The Aristocrats @ Club Academy 15/12/15

The Aristocrats @ Club Academy 15/12/15

The-Aristocrats-Tres-Caballeros

The Aristocrats @ Club Academy 15/12/15

Another supergroup? Yep. But this one has a subtle difference, there are no ego’s on display and they are true friends with a great sense of humour between them. Not only that they also have supreme musical skills, the crème de la crème, they are the cats whiskers. Guitarist Guthrie Govan and bassist Bryan Beller have serious credibility too having recently worked with Steven Wilson and Joe Satriani respectively and drummer Marco Minneman who has worked with both and they had already performed in Manchester several times this year.
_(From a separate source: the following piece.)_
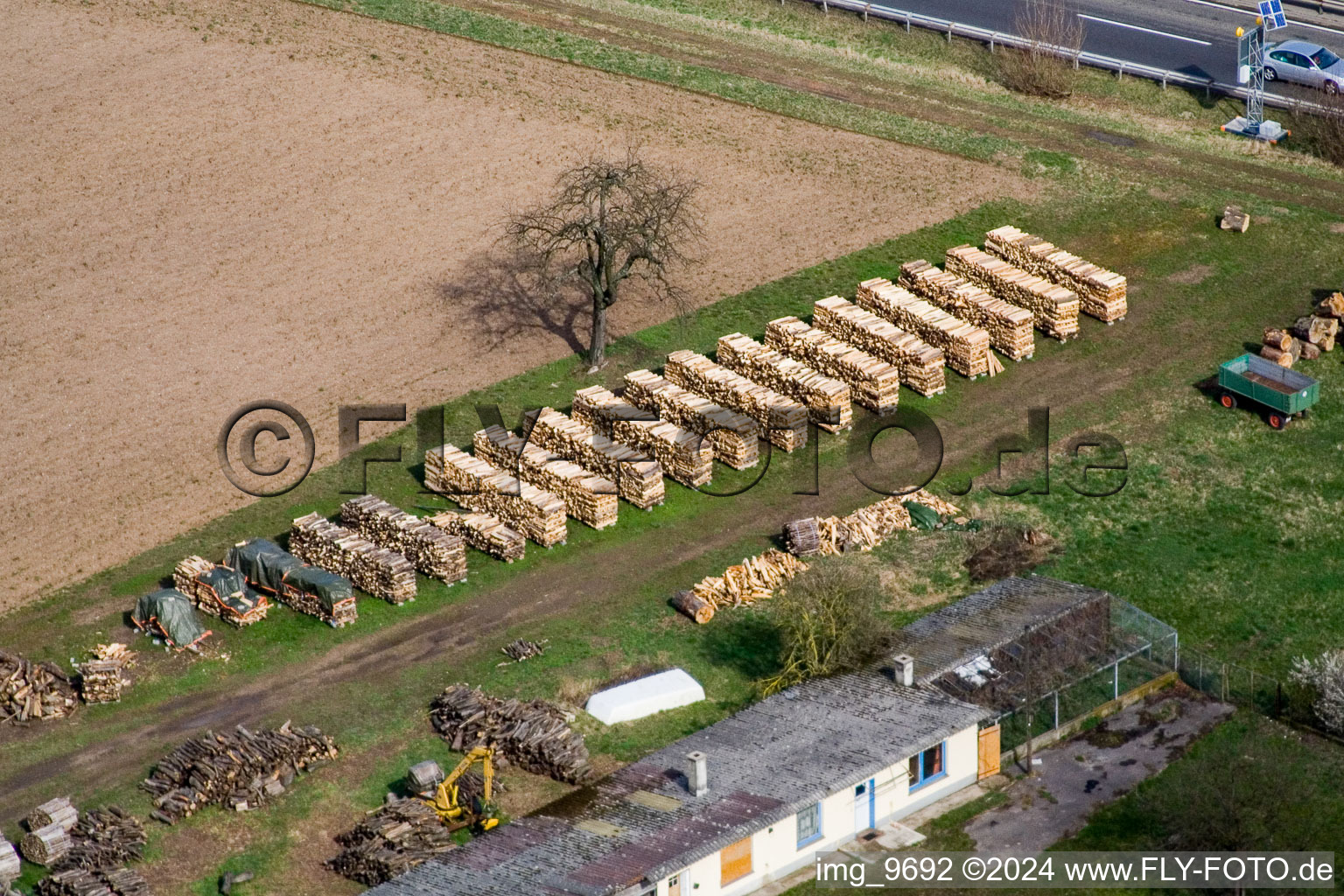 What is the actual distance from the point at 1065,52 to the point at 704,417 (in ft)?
101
The band recorded their third album Tres Caballeros (a huge improvement in sonic quality, breadth and depth from the previous two albums) and they are in town to promote it. There was a support band slated to perform but they pulled out for reasons I haven’t been able to confirm and The Aristocrats decided to bring their stage time forward to 8pm and they didn’t make much of an effort to tell people. I arrived at 8:15 and consequently missed the first three songs (so no pictures even though I had a photo pass), and I wasn’t alone in arriving late. About 1/3 of the audience arrived after me so some only saw the last hour of the gig – poor form The Aristocrats, very poor form.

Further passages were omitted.